+++ GIVEN ENTRIES +++

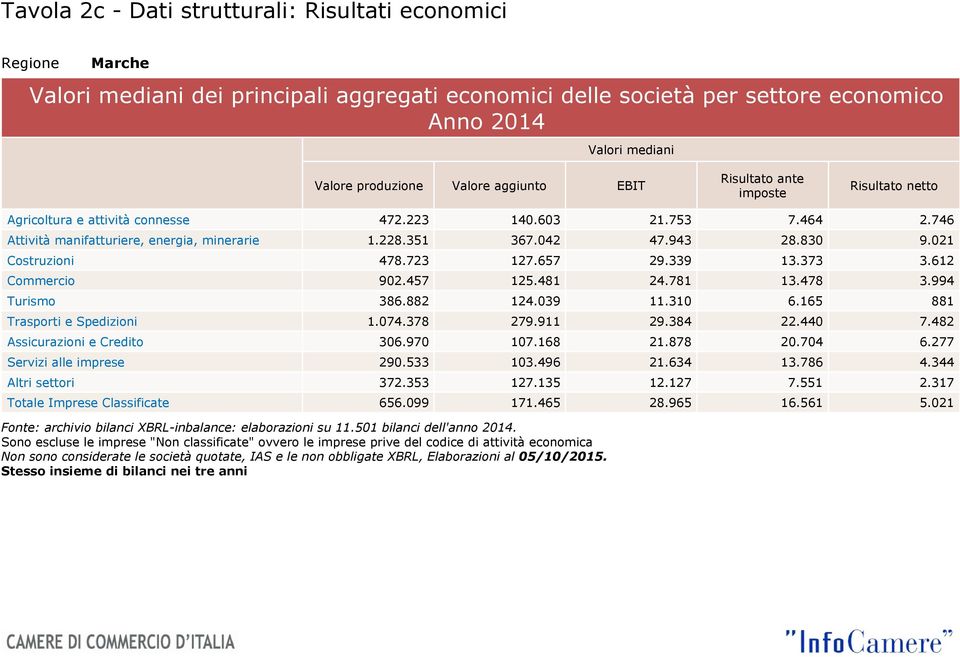 021 Costruzioni 478.723 127.657 29.339 13.373 3.612 Commercio 902.457 125.481 24.781 13.478 3.994 Turismo 386.882 124.039 11.310 6.165 881 Trasporti e Spedizioni 1.074.378 279.911 29.384 22.440 7.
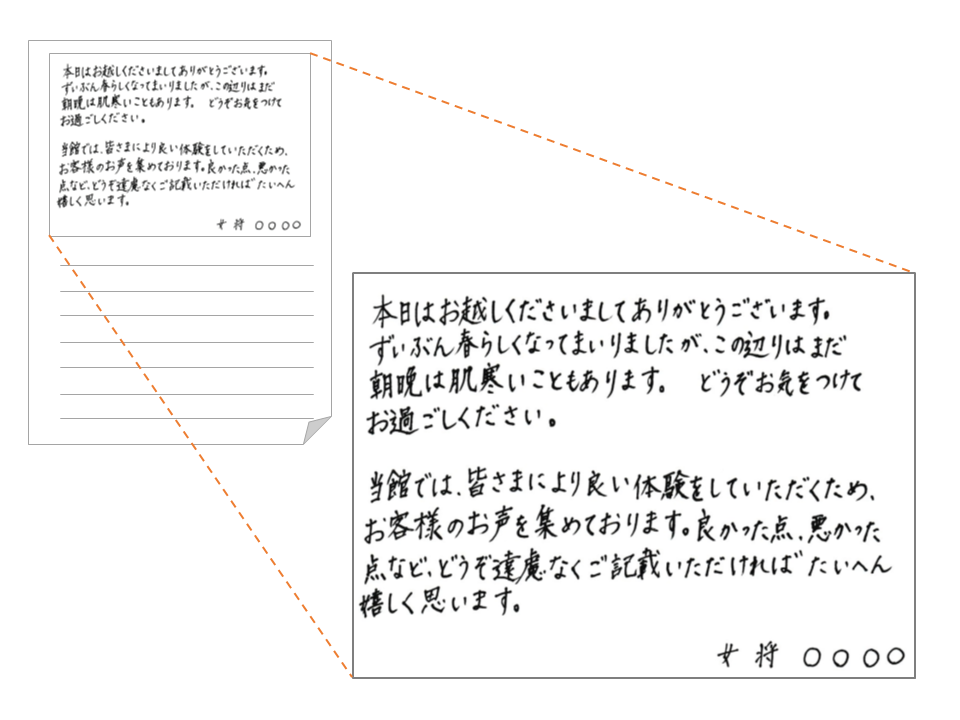 女将の手書きのメッセージと自由記入欄のみのアンケート用紙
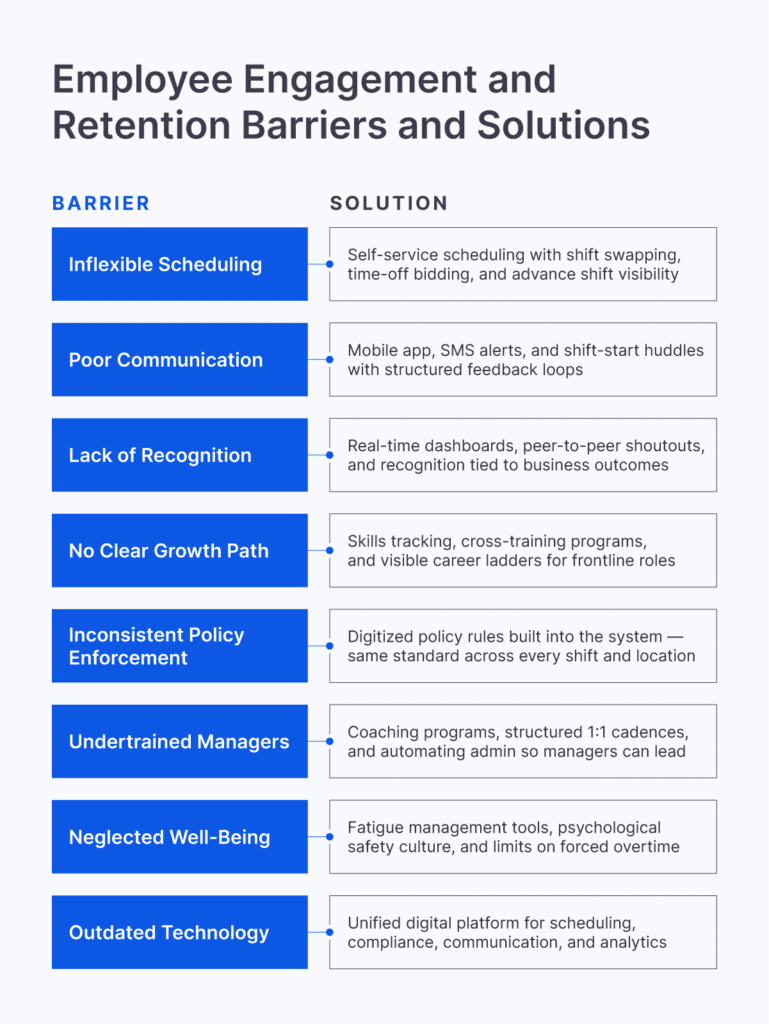 A two-column table listing eight common employee engagement and retention barriers alongside their operational solutions.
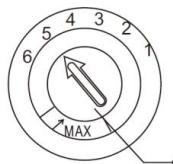 5 4 3 2 1 6 MAX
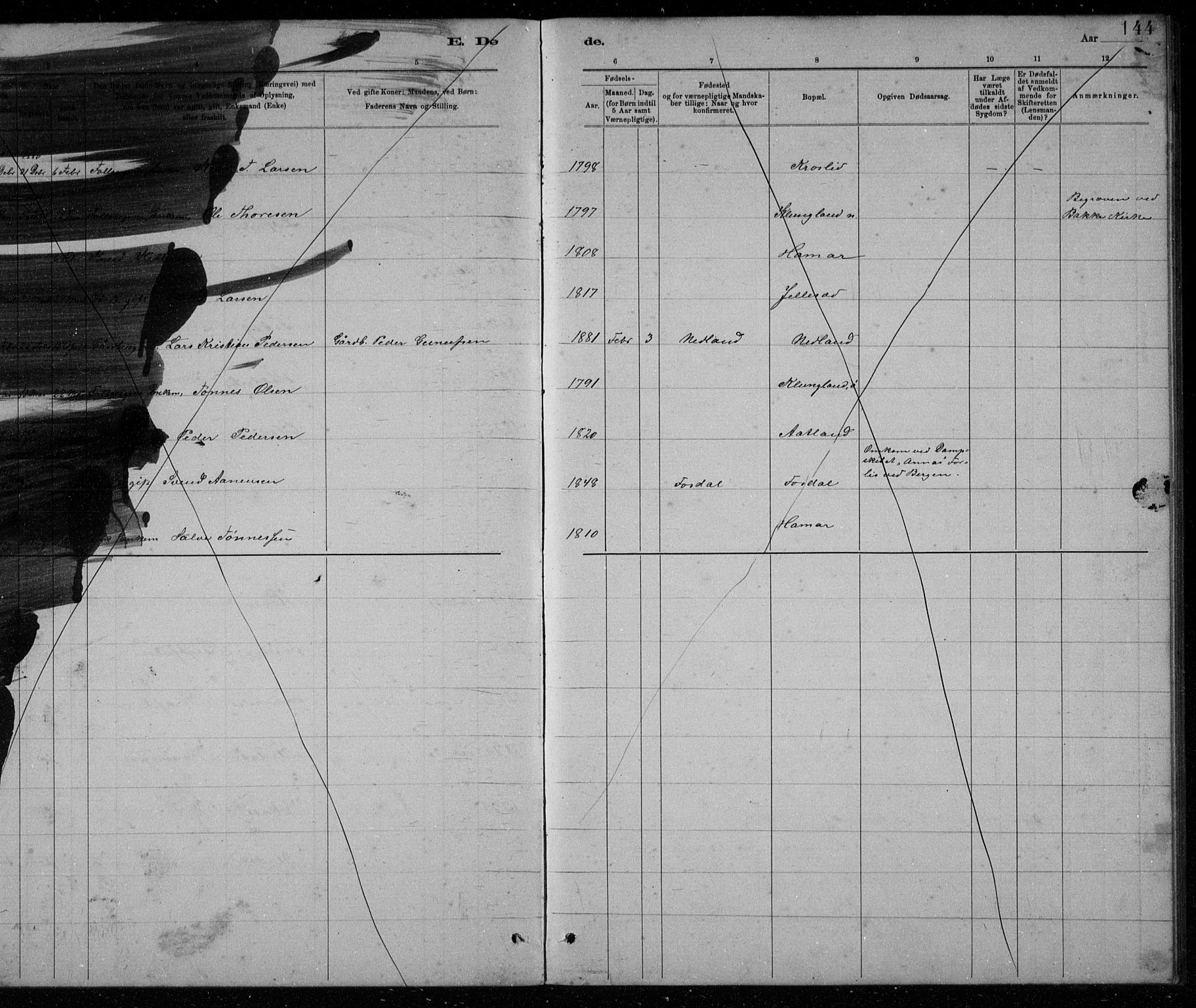 Bakke sokneprestkontor, AV/SAK-1111-0002/F/Fb/Fbb/L0003: Parish register (copy) no. B 3, 1878-1896, p. 144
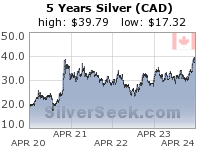GoldSeek.com provides you with the information to make the right decisions on your Canadian $ Silver 5 Year investments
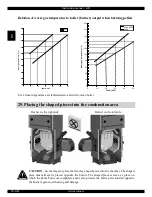 Preview for 28 page of Atmos D15P Instruction Manual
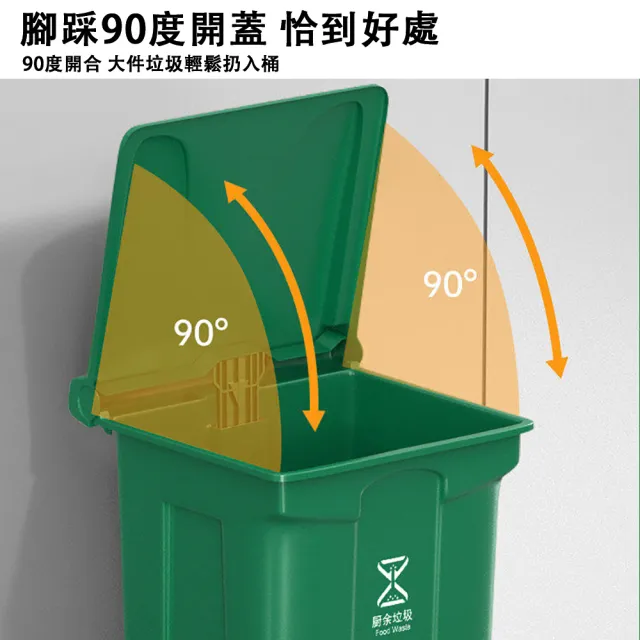 【佳美多】垃圾桶 收納簍 戶外垃圾桶 大容量垃圾桶 腳踏垃圾桶 帶蓋垃圾桶 大號垃圾桶 80L垃圾桶  大口徑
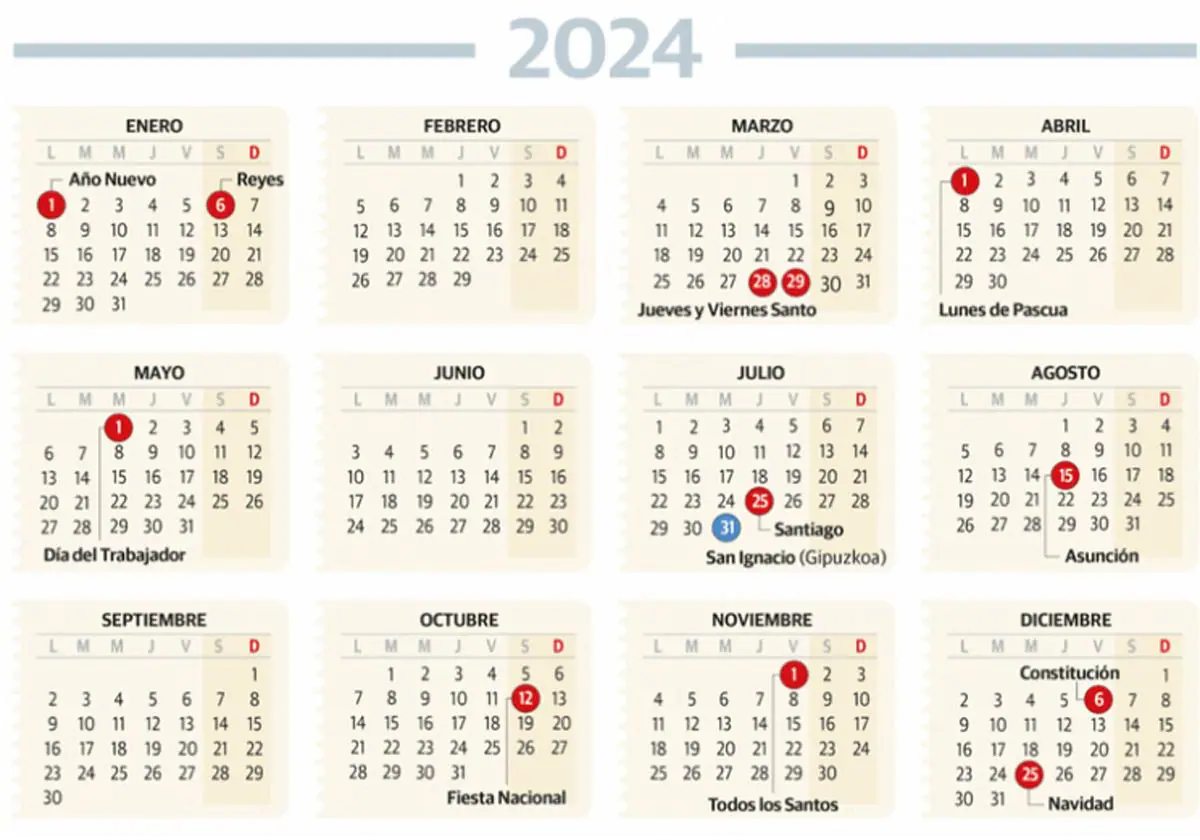 Festivo Pais Vasco 2023 Así queda el calendario laboral de Euskadi de 2024 | El Diario Vasco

+++

Exact wording is required throughout: write out all the records, but no pictures.

THE ANSWER
 021 Costruzioni 478.723 127.657 29.339 13.373 3.612 Commercio 902.457 125.481 24.781 13.478 3.994 Turismo 386.882 124.039 11.310 6.165 881 Trasporti e Spedizioni 1.074.378 279.911 29.384 22.440 7.
 女将の手書きのメッセージと自由記入欄のみのアンケート用紙
 A two-column table listing eight common employee engagement and retention barriers alongside their operational solutions.
 5 4 3 2 1 6 MAX
 Bakke sokneprestkontor, AV/SAK-1111-0002/F/Fb/Fbb/L0003: Parish register (copy) no. B 3, 1878-1896, p. 144
GoldSeek.com provides you with the information to make the right decisions on your Canadian $ Silver 5 Year investments
 Preview for 28 page of Atmos D15P Instruction Manual
 【佳美多】垃圾桶 收納簍 戶外垃圾桶 大容量垃圾桶 腳踏垃圾桶 帶蓋垃圾桶 大號垃圾桶 80L垃圾桶  大口徑
 Festivo Pais Vasco 2023 Así queda el calendario laboral de Euskadi de 2024 | El Diario Vasco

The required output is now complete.